### Work instruction:
In the records below, find the line containing "IAMGlobal 25PCS Expandable" and the line containing "Obraz premium 3d". Give again exactly those lines and every line between them, omitting the pictures.

### Provided records:
# # # #
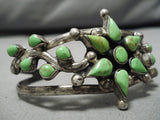 Native American One Of Best Vintage Mexican Gaspeite Sterling Silver Bracelet Old-Nativo Arts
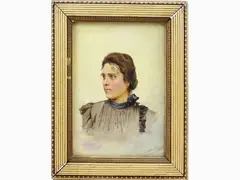 Giuseppe Bertini, Portrait of a Woman, 1825, painted miniature on porcelain plaque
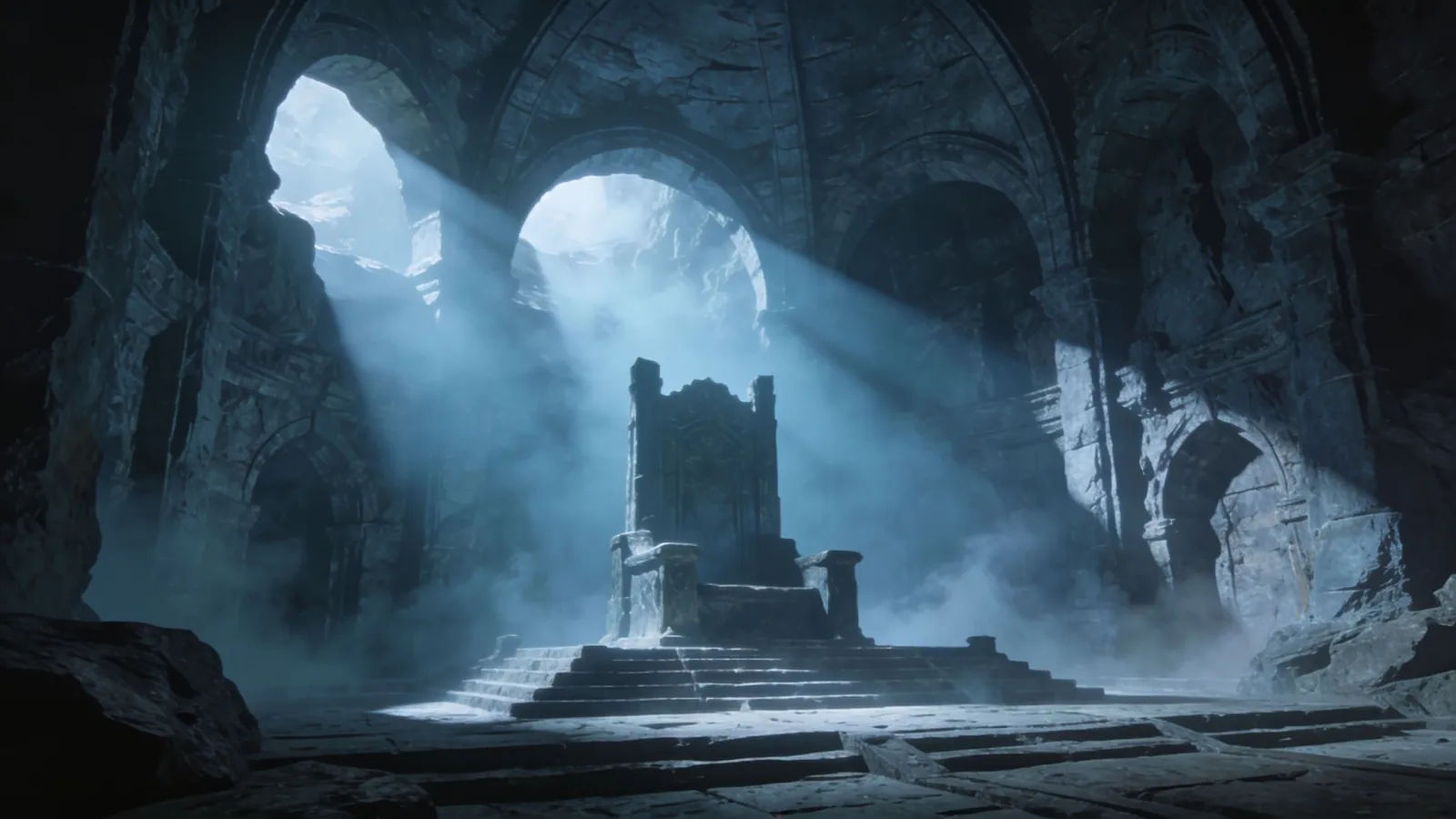 Cold cavernous hall with pale blue light through fog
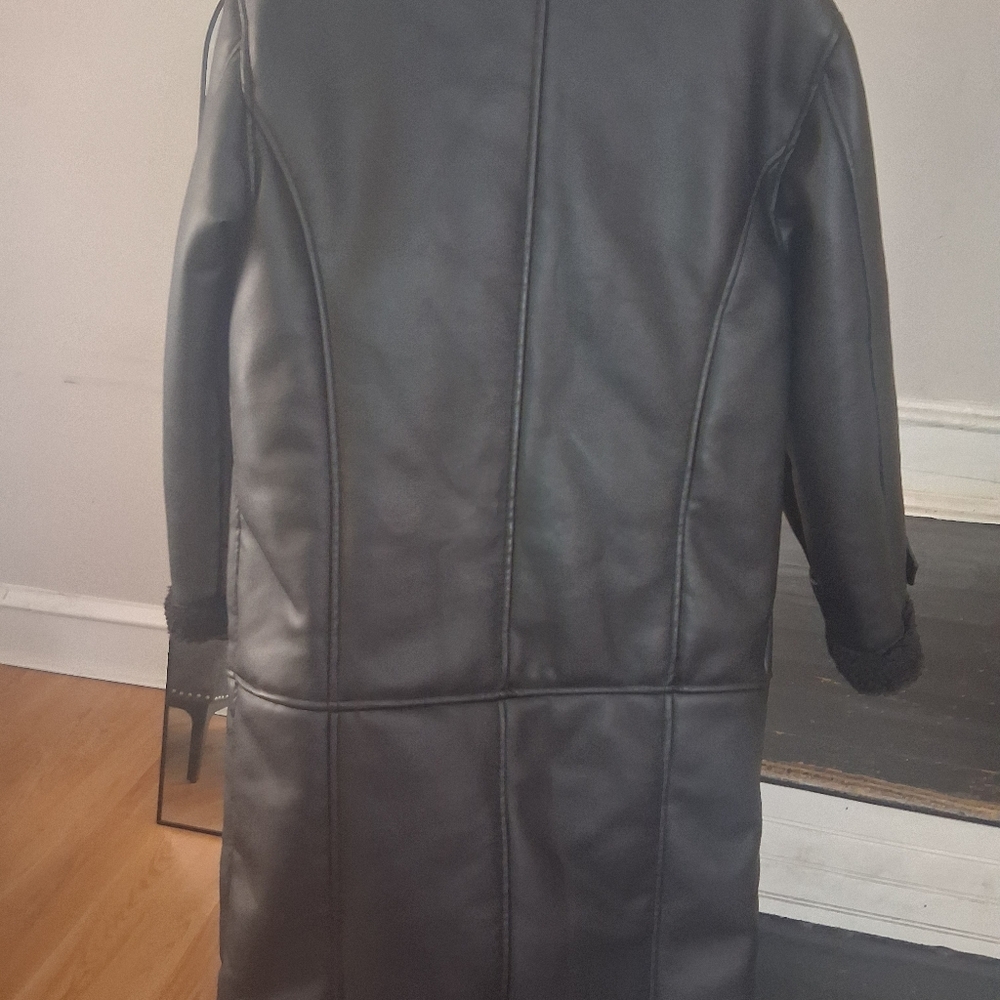 Black Faux Leather Coat with Shearling Collar - Picture 5 of 5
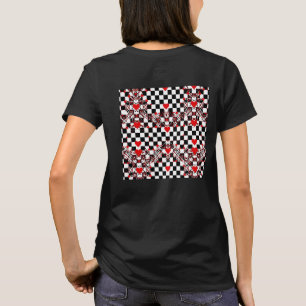 Camiseta Padrão Xadrez Com Corações Vermelhos & Formas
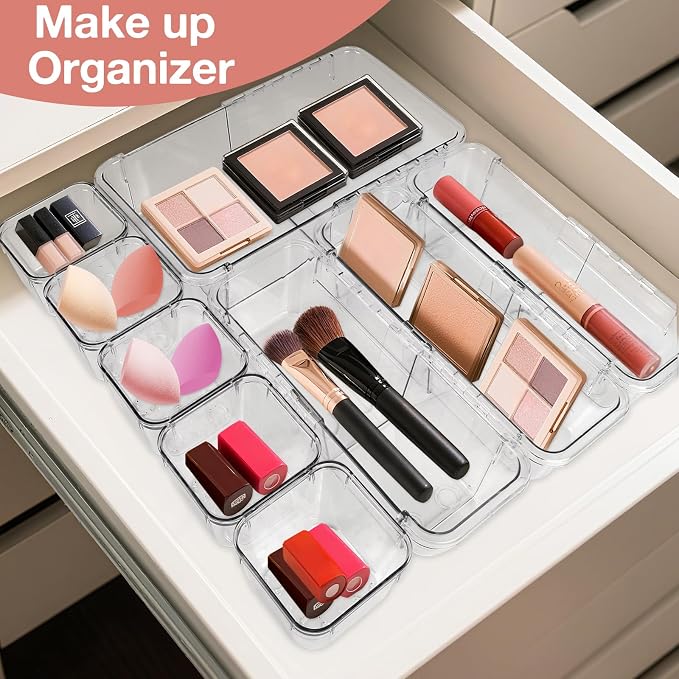 IAMGlobal 25PCS Expandable Drawer Organizer, 3-Size Adjustable Storage Bins | Acrylic, Clear, Transparent, Stackable, Expanding, No Assembly Required, Easy to Clean, for Makeup, Bathroom, Kitchen, Office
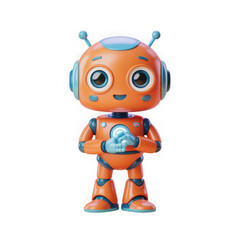 Obraz premium 3d cute orange robot character isolated on transparent background.
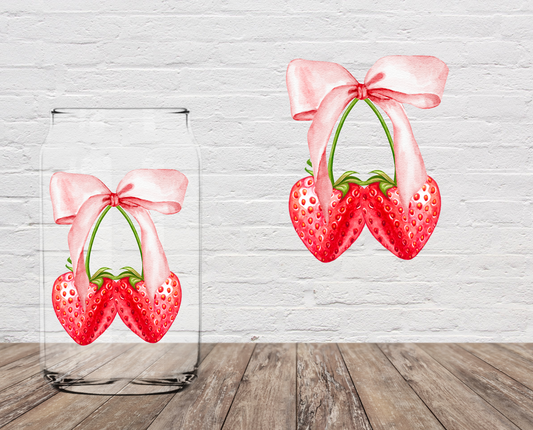 Strawberry Bow 4" UV DTF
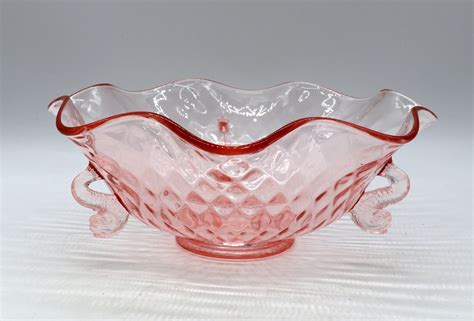 Very Pretty Pink Diamond Optic Footed Bowl By Fenton Vintage Elegant Art Glass With Dolphin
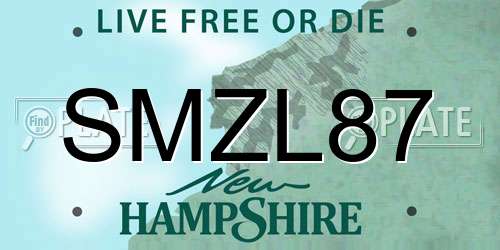 SMZL87 New Hampshire License Plate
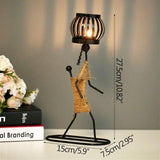 Handmade Metal Men Candlestick Ornament Home Decoration Candle Holder Candlestick Decor Miniature Model Handmade Figurines Art Gifts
# # # #
### Exercise output:
 IAMGlobal 25PCS Expandable Drawer Organizer, 3-Size Adjustable Storage Bins | Acrylic, Clear, Transparent, Stackable, Expanding, No Assembly Required, Easy to Clean, for Makeup, Bathroom, Kitchen, Office
 Obraz premium 3d cute orange robot character isolated on transparent background.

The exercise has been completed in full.